President's demand for border wall marks divide with GOP lawmakers
GOP lawmakers have largely avoided talking about the border wall, a central Trump campaign promise, in negotiations with Democrats on legislation to provide protection against deportation for 800,000 young undocumented immigrants while also bolstering border security and interior enforcement of immigration laws.
House Majority Whip Steve Scalise, a Louisiana Republican, didn't mention a wall during an appearance on Fox News Tuesday, saying only that "there is an agreement that can be reached," but "it's got to start with border security."
The president said in September that he would end the Obama-era program known as Deferred Action for Childhood Arrivals, or DACA, in early March. Trump has expanded his demands for what he wants in exchange for a DACA accord: eliminating family immigration preferences and ending a diversity lottery program that provides visas to people in countries with low rates of migration to the U.S.
Trump punctuated the holidays with a series of tweets renewing demands that an immigration measure include a border wall, which is strongly opposed by Democrats and many Republicans in Congress. He's also accusing Democrats of playing politics in the debate.
"The Democrats have been told, and fully understand, that there can be no DACA without the desperately needed WALL at the Southern Border and an END to the horrible Chain Migration & ridiculous Lottery System of Immigration etc.," Trump said in a tweet Friday from his Mar-a-Lago club in Palm Beach, Florida.
He wrote Tuesday: "Democrats are doing nothing for DACA — just interested in politics."
Immigration is one of the top issues that Congress pushed into 2018 as Republicans who control the Senate and House focused instead on passing a $1.5 trillion tax-cut measure.
Democrats are insisting that the next federal spending bill include protection for the undocumented immigrants who were brought to the U.S. as children.

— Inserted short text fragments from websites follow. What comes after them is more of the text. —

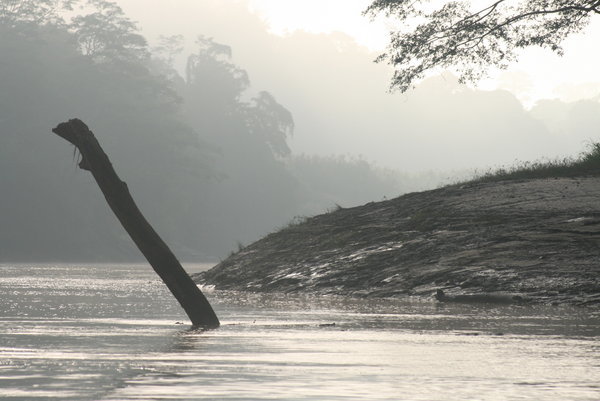Kinabatangan river
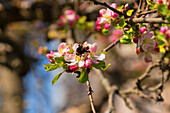 Kleine Hummel auf einer Apfelblüte im Frühlingslicht, Bayern, Deutschland, Europa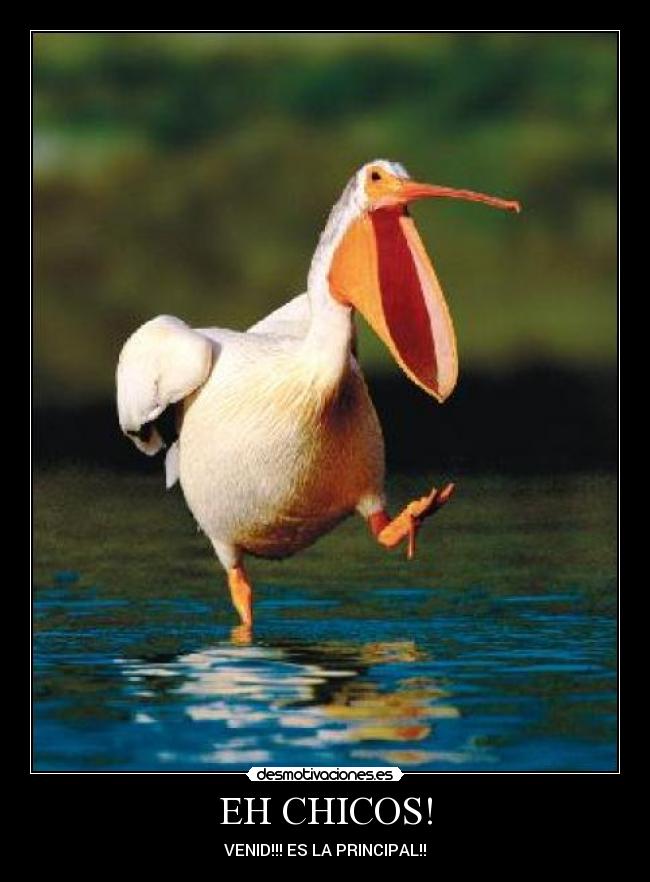 EH CHICOS! - VENID!!! ES LA PRINCIPAL!!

The White House meeting today will include White House budget director Mick Mulvaney and legislative liaison Marc Short.
Republican lawmakers are pushing for a mandatory "E-Verify" system for employers to ensure that their workers are documented and to include deep cuts to legal immigration.
Some of the young immigrants have expulsion protections that expire before March, with more than 7,900 already losing DACA protections since Trump acted in September, according to the Center for American Progress in Washington.
Bipartisan talks in the Senate for an immigration compromise could yield legislation addressing needs of the immigrants as early as next month. Senate Majority Leader Mitch McConnell of Kentucky has pledged to put such a plan on the Senate floor this month if it has broad support in both parties.